::: Dataset extract

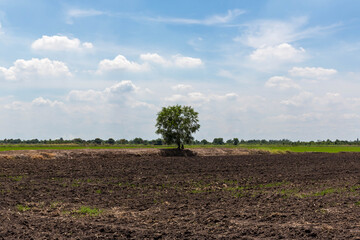 Fototapeta na wymiar Alone tree on meadow. Tree in full leaf in summer standing alone in a field against a steel sky.Tree in field with sunny day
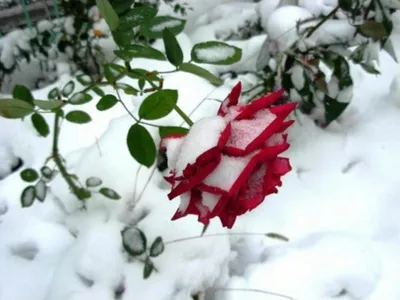 Сказка морозного утра: фото цветов на снежном покрытии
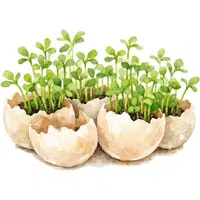 Upland Cress | A to Z Vegetables Names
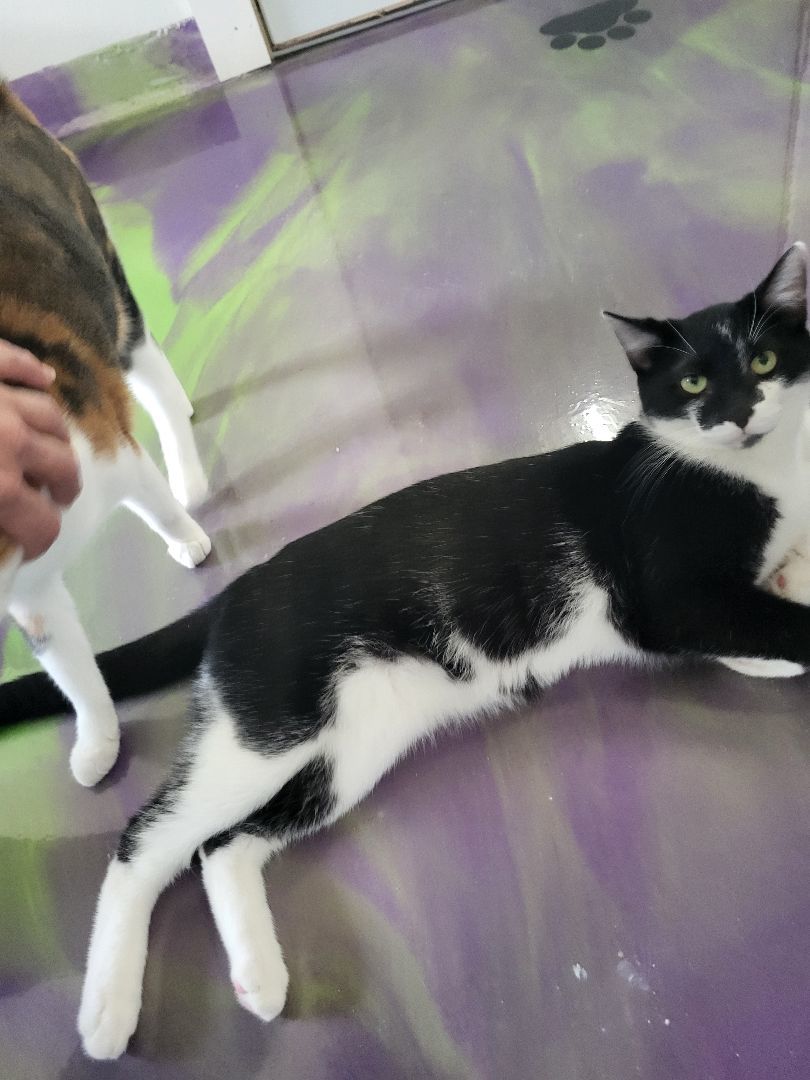 Lee, a Adoptable Domestic Short Hair in Anna, IL image 3/13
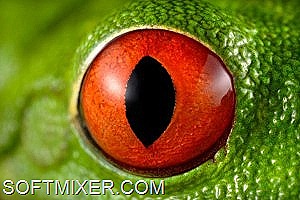 [clip_image042%255B10%255D.jpg]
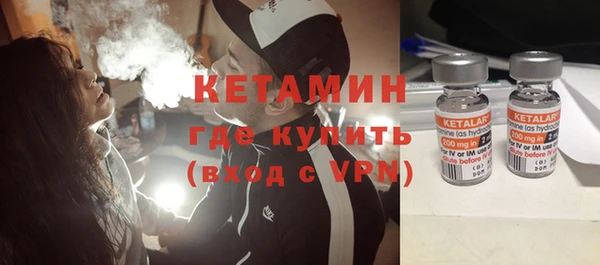 прущие грибы Богданович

::::::

• What to work on
Return exactly the line containing "Upland Cress | A to Z Vegetables Names" and every line after it, up to and including the final line of the entries above. Pictures stay out.

• Problem solution
 Upland Cress | A to Z Vegetables Names
 Lee, a Adoptable Domestic Short Hair in Anna, IL image 3/13
 [clip_image042%255B10%255D.jpg]
 прущие грибы Богданович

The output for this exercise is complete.